#### [Data shown]
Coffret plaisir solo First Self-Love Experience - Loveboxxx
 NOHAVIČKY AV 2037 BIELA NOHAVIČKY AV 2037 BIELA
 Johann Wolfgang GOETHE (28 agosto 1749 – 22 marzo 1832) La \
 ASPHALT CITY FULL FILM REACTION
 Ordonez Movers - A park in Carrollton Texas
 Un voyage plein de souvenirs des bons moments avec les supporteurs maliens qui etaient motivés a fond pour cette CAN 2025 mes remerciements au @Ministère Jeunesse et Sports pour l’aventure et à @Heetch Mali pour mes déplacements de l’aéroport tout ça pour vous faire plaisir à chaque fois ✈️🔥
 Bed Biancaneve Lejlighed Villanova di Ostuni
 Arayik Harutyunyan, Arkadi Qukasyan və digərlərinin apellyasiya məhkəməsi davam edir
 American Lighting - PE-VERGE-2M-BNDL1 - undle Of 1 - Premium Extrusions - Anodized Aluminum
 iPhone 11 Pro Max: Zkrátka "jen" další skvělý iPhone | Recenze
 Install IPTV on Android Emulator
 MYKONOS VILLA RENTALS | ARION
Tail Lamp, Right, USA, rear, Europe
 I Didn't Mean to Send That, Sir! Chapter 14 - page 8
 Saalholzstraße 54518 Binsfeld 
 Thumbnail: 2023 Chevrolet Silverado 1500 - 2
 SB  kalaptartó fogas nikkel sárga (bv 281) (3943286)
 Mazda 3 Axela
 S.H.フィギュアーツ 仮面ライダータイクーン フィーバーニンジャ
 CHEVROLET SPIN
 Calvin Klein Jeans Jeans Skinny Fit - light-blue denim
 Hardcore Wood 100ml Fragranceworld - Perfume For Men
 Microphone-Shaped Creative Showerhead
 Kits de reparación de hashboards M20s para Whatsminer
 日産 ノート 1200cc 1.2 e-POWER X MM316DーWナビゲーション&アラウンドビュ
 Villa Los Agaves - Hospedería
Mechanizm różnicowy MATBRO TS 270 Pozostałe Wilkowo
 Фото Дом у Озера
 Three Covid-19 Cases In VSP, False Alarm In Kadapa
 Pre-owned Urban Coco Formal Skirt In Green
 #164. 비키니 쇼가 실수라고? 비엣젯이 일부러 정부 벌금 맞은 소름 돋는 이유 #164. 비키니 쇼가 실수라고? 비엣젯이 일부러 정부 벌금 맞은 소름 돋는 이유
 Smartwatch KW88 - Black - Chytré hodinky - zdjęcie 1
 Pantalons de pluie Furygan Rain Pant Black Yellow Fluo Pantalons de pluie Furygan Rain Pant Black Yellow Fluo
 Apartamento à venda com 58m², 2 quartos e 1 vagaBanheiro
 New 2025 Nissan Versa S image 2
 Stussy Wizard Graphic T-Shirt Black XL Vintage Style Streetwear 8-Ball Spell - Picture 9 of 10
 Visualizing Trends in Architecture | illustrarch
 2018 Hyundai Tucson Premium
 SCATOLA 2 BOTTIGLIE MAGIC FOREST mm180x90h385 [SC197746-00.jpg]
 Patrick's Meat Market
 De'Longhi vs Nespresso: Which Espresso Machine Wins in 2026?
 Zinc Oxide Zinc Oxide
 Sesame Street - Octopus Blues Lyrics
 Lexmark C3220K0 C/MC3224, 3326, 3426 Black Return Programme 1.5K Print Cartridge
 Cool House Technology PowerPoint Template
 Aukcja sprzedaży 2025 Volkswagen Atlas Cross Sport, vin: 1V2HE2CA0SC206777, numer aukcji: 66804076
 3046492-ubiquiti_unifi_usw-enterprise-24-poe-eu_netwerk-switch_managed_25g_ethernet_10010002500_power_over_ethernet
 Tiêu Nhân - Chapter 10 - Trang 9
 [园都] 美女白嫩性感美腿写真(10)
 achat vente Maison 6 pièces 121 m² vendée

#### [Activity]
Tally the lines of the records that contain "Premium", then write only the total.

#### [Finished task]
2